**Task directions:** Give again, exactly as written, the lines of the records below from the line with "Scorecard for user pherum2015@gmail.com" to the line with "菲律宾地区疫情数据/菲律宾疫情统计-第1张图片". Both end lines count; pictures do not.

**Records for this exercise:**
------

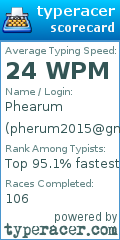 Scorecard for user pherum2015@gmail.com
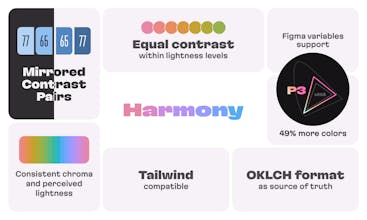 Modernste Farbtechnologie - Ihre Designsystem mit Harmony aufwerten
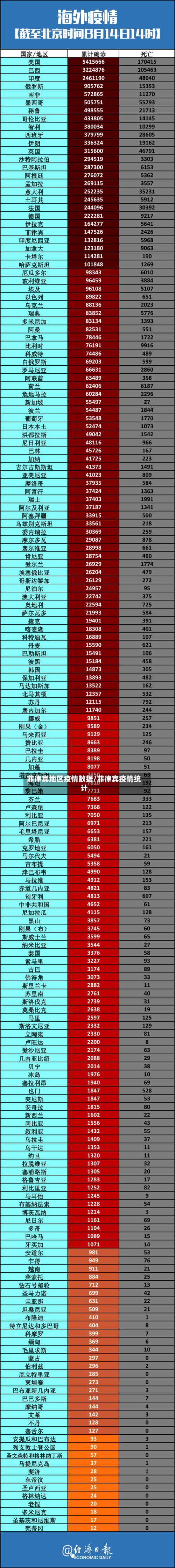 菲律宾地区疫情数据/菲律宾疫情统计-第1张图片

------

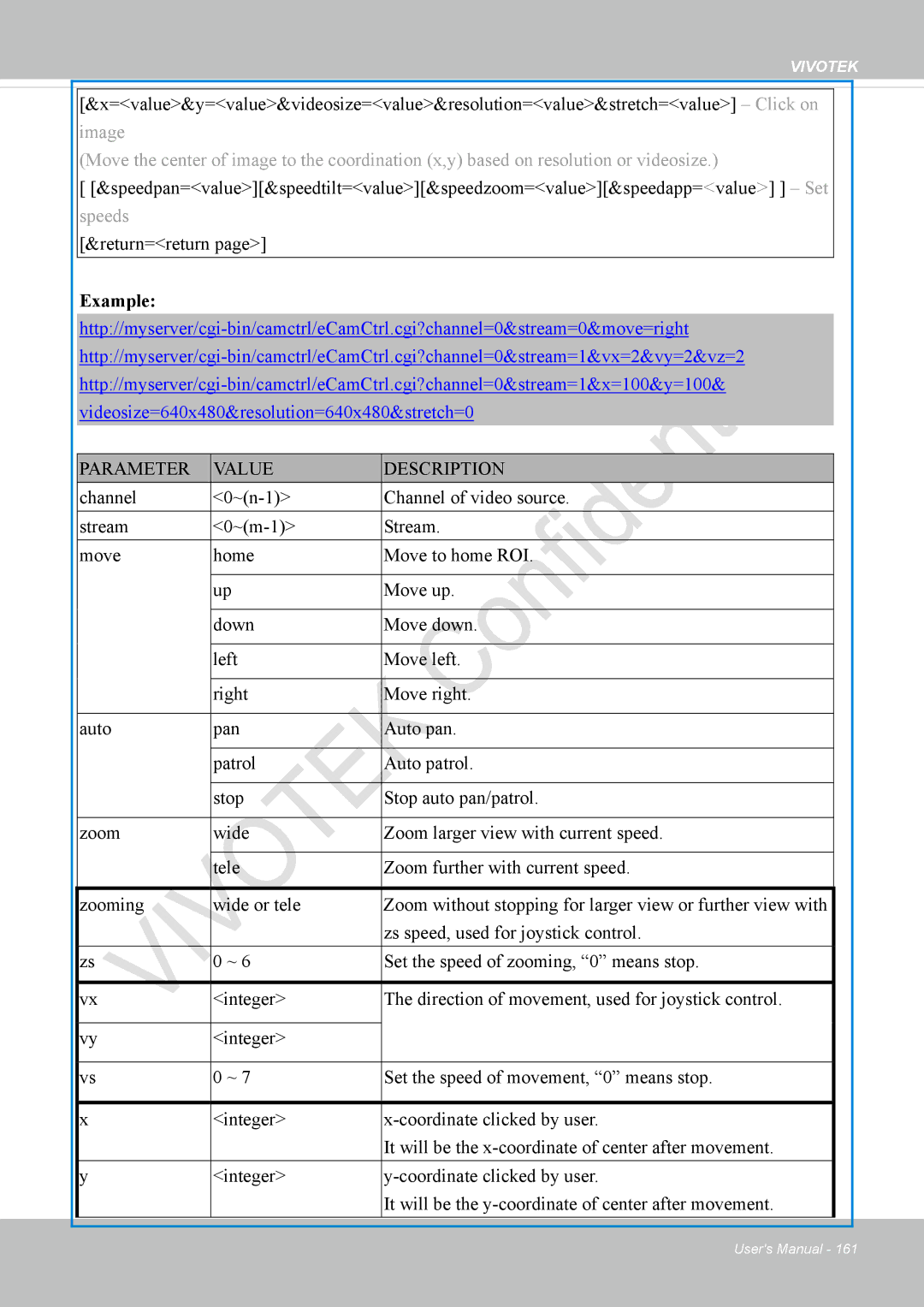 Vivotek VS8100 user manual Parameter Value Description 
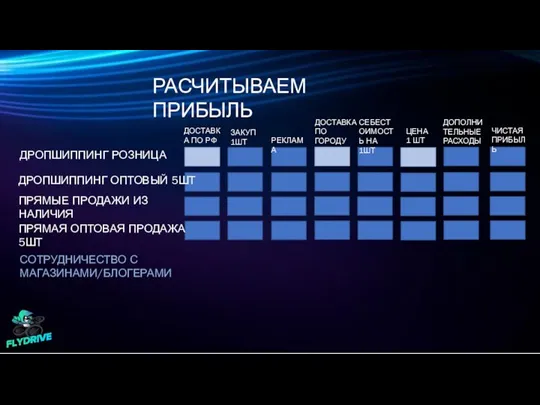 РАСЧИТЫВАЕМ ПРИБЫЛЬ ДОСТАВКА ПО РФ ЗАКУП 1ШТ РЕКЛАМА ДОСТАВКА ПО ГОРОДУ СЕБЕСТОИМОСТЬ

------

**Finished exercise:**
 Scorecard for user pherum2015@gmail.com
 Modernste Farbtechnologie - Ihre Designsystem mit Harmony aufwerten
 菲律宾地区疫情数据/菲律宾疫情统计-第1张图片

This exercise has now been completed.